Il existe depuis 2014 un guide du tourisme sonore. Conçu par l’acousticien britannique Trevor Cox, il prend la double forme d’un livre, Sonic Wonderland1, et d’un site web proposant une cartographie de sites sonores d’exception dans le monde entier. L’on peut être sceptique au départ face à l’approche choisie : la sélection des lieux se fonde sur le record et l’insolite, comme si le son devait nécessairement passer par la compétition – avec le visuel comme avec des paysages sonores moins saillants – pour conquérir enfin son droit de citation.
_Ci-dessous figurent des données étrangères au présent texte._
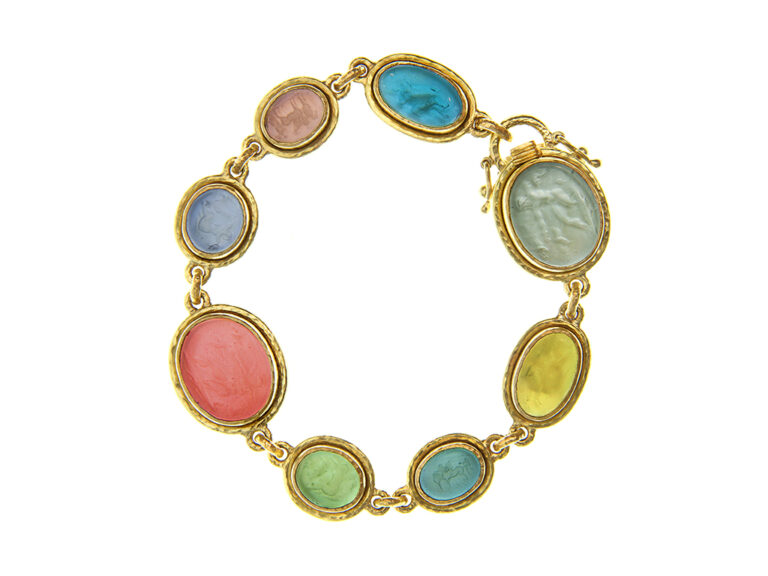 Elizabeth Locke Bracelets - Be On Park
Mais force est de constater que l’on est vite captivé⋅e par le voyage virtuel à travers les quelques extraits sonores mis en ligne (ici l’oiseau-lyre australien, capable d’imiter le chant d’autres oiseaux mais aussi d’appareils photos ou d’alarmes, un orgue qui joue des stalactites) et surtout à travers le livre, belle réflexion sur notre rapport au son, riche de multiples situations d’écoute, naturelles, musicales ou architecturales. L’introduction donne plaisamment le ton, l’auteur découvrant un effet acoustique inattendu au beau milieu des égouts de Londres : « Alors que tous mes autres sens étaient révulsés, mes oreilles savouraient une incroyable pépite sonore2. »

 

Choix de vidéos sur des « orgues maritimes » par Trevor Cox

Autre initiative, relancée3 en France en juin dernier à l’occasion du World Listening Day : Gilles Malatray, vieux routard des promenades d’écoute et observateur infatigable des questions sonores, propose l’inauguration de « points d’ouïes » ou « sites auriculaires » afin de « prendre notre environnement sonore en compte, dans une approche tout à la fois esthétique, sociale et écologique ». Le projet s’adresse au grand public, notamment à travers une carte en ligne à venir, mais vise surtout à interpeller les élu⋅e⋅s. C’est la différence essentielle d’avec l’approche de Trevor Cox : la proposition, loin de se résumer à une passion personnelle pour le sonore, s’inscrit dans la lignée du travail mené par diverses structures engagées dans l’écologie sonore4 en faveur d’une redécouverte du paysage par le son, pas nécessairement spectaculaire, et d’une mise en valeur patrimoniale du territoire sonore. L’association Acirène a notamment engagé depuis 1986 une étude de fond afin de produire un « guide acoustique de la France ». La structure a ainsi contribué à former et sensibiliser divers⋅e⋅s actrices/teurs de l’écologie sonore dans l’Hexagone, permettant par exemple une réelle prise en considération du paysage sonore dans le Parc naturel du Haut-Jura. Ce dernier recense et promeut activement ses « belvédères pour l’oreille », au même titre que les autres ressources naturelles.

 

Jardins et sentiers sonores

La Bretagne n’est pas en reste, deux projets y étant particulièrement actifs sur la promotion de l’écoute et du son du territoire. Le Centre de découverte du son de Cavan, d’abord, qui anime un « parc de loisirs » acoustique prenant la forme d’un inventif sentier musical en forêt ainsi que d’un espace didactique en forme d’oreille, le Jardin Sonifère, et qui propose des promenades d’écoute ornithologiques en Trégor. Très orienté vers la pédagogie, le Centre utilise l’approche touristique comme moyen de sensibiliser à l’écologie sonore un public plus large, comme outil de banalisation et de dissémination de l’écoute. Le projet Territoires sonores, ensuite, développe des balades audio sur le Cap de la Chèvre, dans le Finistère, cette fois avec casque sur les oreilles pour goûter les « friandises sonores » disséminées au fil du chemin. Les deux structures s’appuient sur des liens forts avec les collectivités et autres institutions locales, et sont notamment financées au titre de la valorisation du territoire qu’elles opèrent à travers le sonore – mais dans l’un et l’autre cas, le caractère non lucratif, collectif et inscrit dans la durée prend le contre-pied du discours libéral porté par le marketing territorial. Démarche bien différente, par exemple, dans la communication autour de ces « cabanes sonores » proposées par le Conseil départemental de Moselle cet été : on est là dans le divertissement à consommer, bien loin du temps long de l’écoute, et le sonore se trouve rapatrié du côté promotionnel. Le territoire se fait vitrine et le paysage acoustique devient vecteur de communication.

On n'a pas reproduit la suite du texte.